Decriminalise sex work for safety

Motion passed at February Branch Committee of Lambeth UNISON, to go to National Delegate Conference

Conference notes that UNISON’s current policy on sex work, adopted in 2010 on the basis of a motion from women’s conference, is to support proposals which decriminalise the selling of sex acts while introducing a ‘sex buyers law’ criminalising those who purchase sex acts. 

Conference recognises that the great majority of sex workers are women.  Conference also recognises that a significant number of women sex workers identify as lesbian, gay, bisexual and/or transgender (LGBT).  There are also many gay, bisexual and trans sex workers who do not identify as women.  Sex work is an issue for the LGBT community.

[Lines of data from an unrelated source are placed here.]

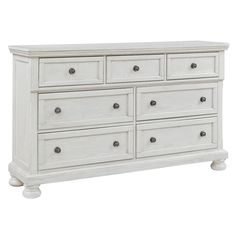 a white dresser with drawers and knobs on the bottom drawer, against a white background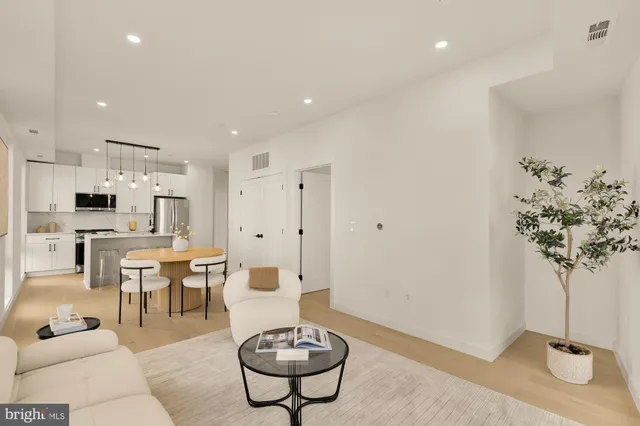 a living room with furniture a table and a potted plant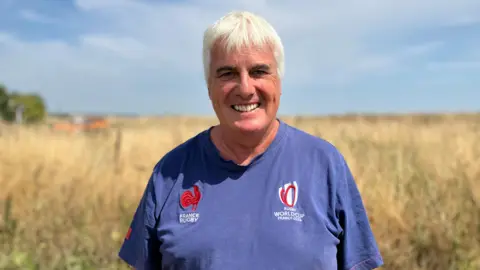 Tim Carson is standing in a field wearing a blue T-shirt. He has short, white hair and is smiling.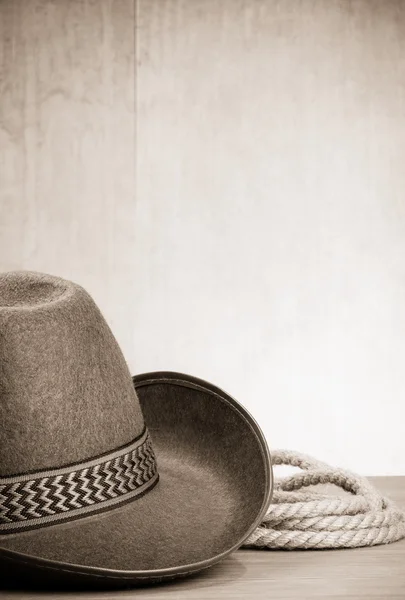 Vintage brown cowboy hat and rope at wood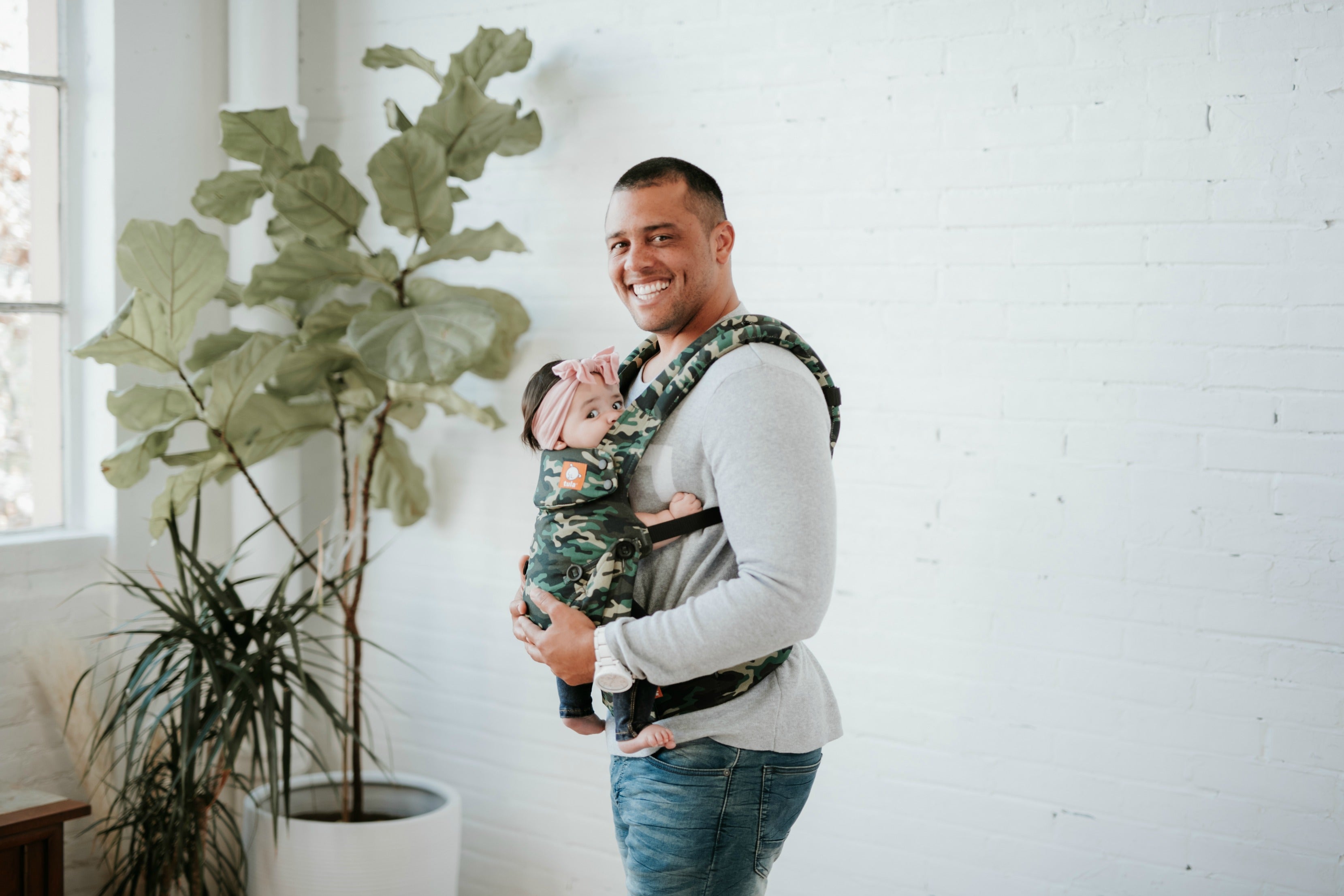 Father smiling while holding his baby in a camouflage-patterned soft structured carrier in front of a white brick wall.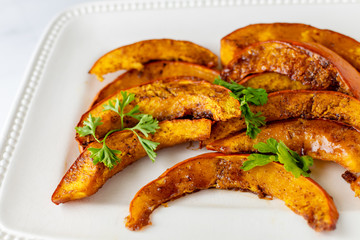 Close up plate of roasted pumpkin slices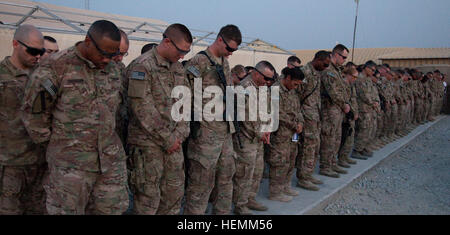 Zivile Auftragnehmer und Service-Mitglieder stehen und beten, das Leben der US-Army Spc. Hilda Clayton auf Forward Operating Base Gamberi, Afghanistan, 8. Juli 2013 zu Ehren.  SPC. Clayton starb beim Fotografieren der Afghan National Army Soldaten, wie sie eine live-Feuer-Übung, 2. Juli 2013 durchgeführt. Eine Mörtel Waffensystem ist fehlgeschlagen, wodurch eine katastrophale Explosion während des Vorfalls vier ANA Soldaten, die Teilnahme an der Schulung starb. Clayton, von Augusta, Georgia, wurde vorwärts in Afghanistan eingesetzt, als die Bekämpfung Kamera-Anlage für die 4th Brigade Combat Team, 1. Kavallerie-Division ' t Stockfoto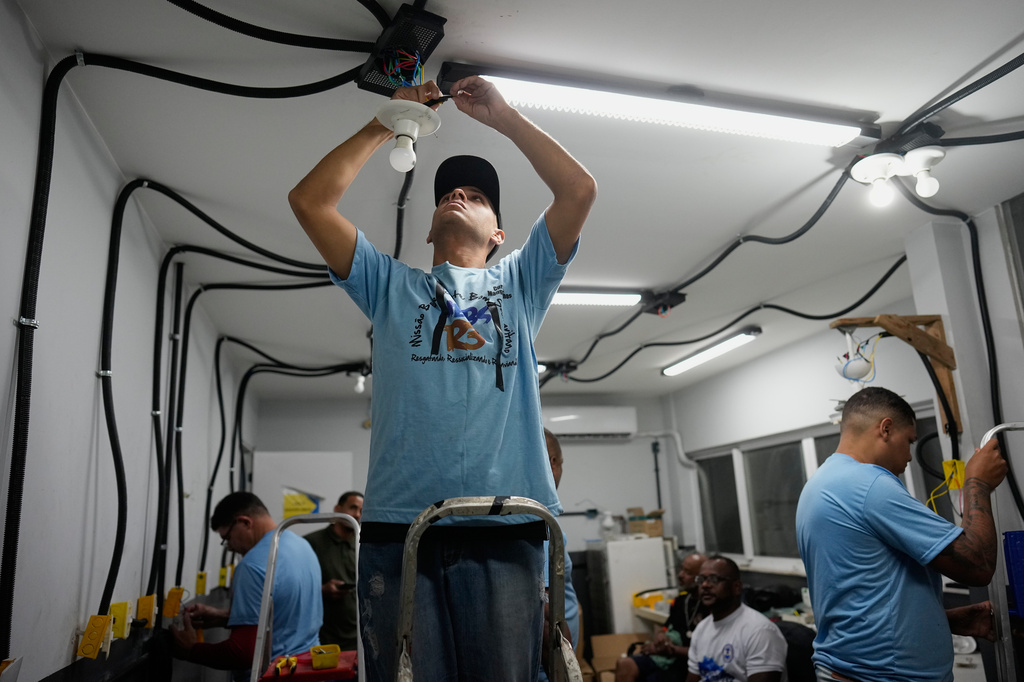 A youth attends an electricity course at a therapeutic community named "R3," which stands for Rescuing, Resocializing and Resending, in Rio de Janeiro, Monday, Sept. 14, 2026. (AP Photo/Silvia Izquierdo)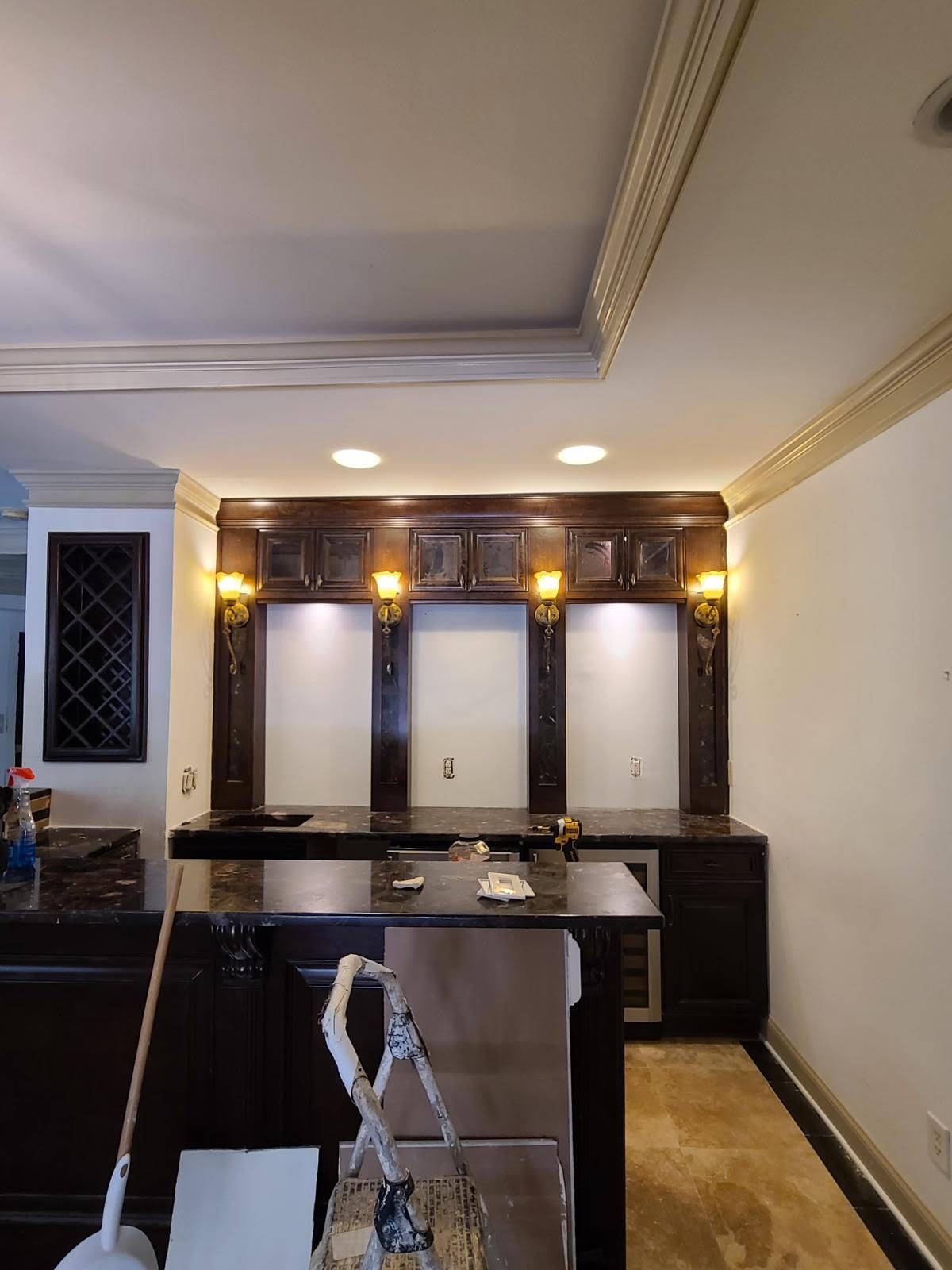 A kitchen with stainless steel appliances and black cabinets
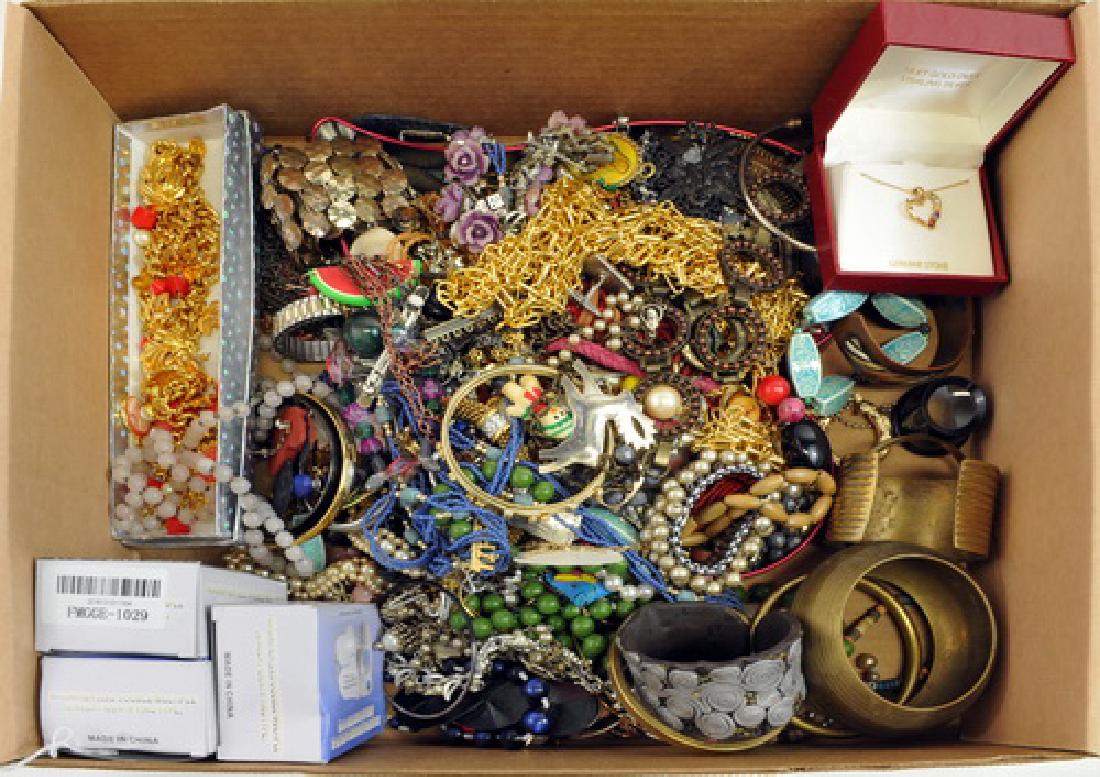 Costume jewelry: Vintage beaded necklaces, colorful post earrings, bangle bracelets, jeweled brooches.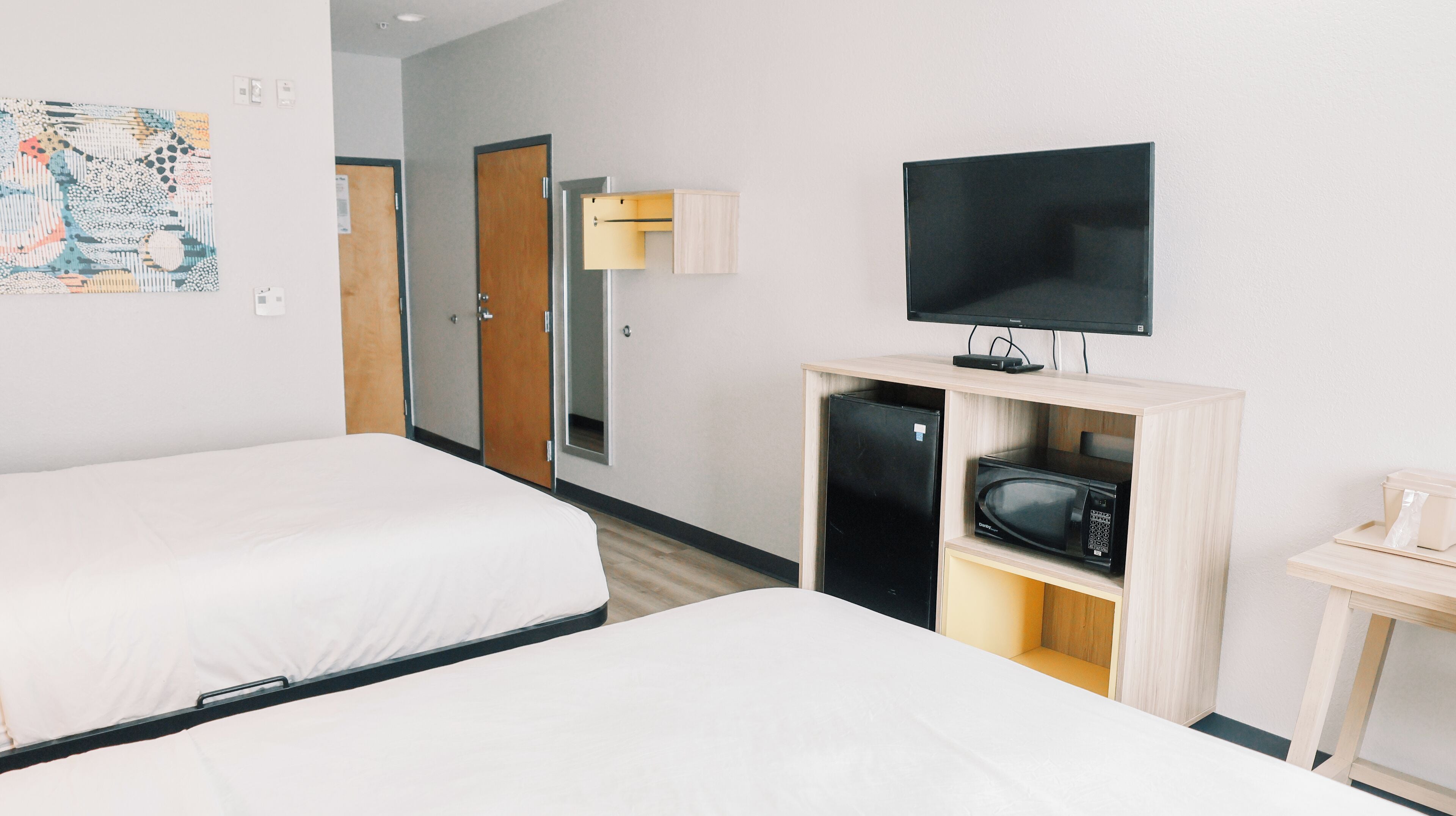Habitación de hotel con dos camas, televisión, microondas y una mesita.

Conference notes that national LGBT conference takes a different view to that of women’s conference, having adopted motions at several conferences which:

  1. Recognise that the criminalisation of any kind, including of buyers, increases the risks for sex workers and hinders the global fight against HIV and AIDS;
  2. Oppose the introduction of a sex buyers law;
  3. Reflect the view that sex workers are workers, who should have the same rights and protections as workers in other industries;
  4. Recognise the strong links internationally, particularly in Africa, Asia and Latin America, between LGBT organising, sex worker organising, the fight against HIV and improving health and social justice for people living with HIV and LGBT people.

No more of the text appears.